FIG. 9 depicts a computing environment 100 containing an example of an environment for the execution of at least some of the computer code involved in performing the inventive methods, such as new code for transforming source data to target data 150. In addition to block 150, computing environment 100 includes, for example, computer 101, wide area network (WAN) 102, end user device (EUD) 103, remote server 104, public cloud 105, and private cloud 106. In this embodiment, computer 101 includes processor set 110 (including processing circuitry 120 and cache 121), communication fabric 111, volatile memory 112, persistent storage 113 (including operating system 122 and block 150, as identified above), peripheral device set 114 (including user interface (UI), device set 123, storage 124, and Internet of Things (IOT) sensor set 125), and network module 115. Remote server 104 includes remote database 130. Public cloud 105 includes gateway 140, cloud orchestration module 141, host physical machine set 142, virtual machine set 143, and container set 144.

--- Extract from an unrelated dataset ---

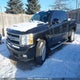 2GCEK133071659061 2007 Chevrolet Silverado 1500 Next Generation Lt/Ltz/Wt auction photo thumbnail 2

COMPUTER 101 may take the form of a desktop computer, laptop computer, tablet computer, smart phone, smart watch or other wearable computer, mainframe computer, quantum computer or any other form of computer or mobile device now known or to be developed in the future that is capable of running a program, accessing a network or querying a database, such as remote database 130. As is well understood in the art of computer technology, and depending upon the technology, performance of a computer-implemented method may be distributed among multiple computers and/or between multiple locations. On the other hand, in this presentation of computing environment 100, detailed discussion is focused on a single computer, specifically computer 101, to keep the presentation as simple as possible. Computer 101 may be located in a cloud, even though it is not shown in a cloud in FIG. 1. On the other hand, computer 101 is not required to be in a cloud except to any extent as may be affirmatively indicated.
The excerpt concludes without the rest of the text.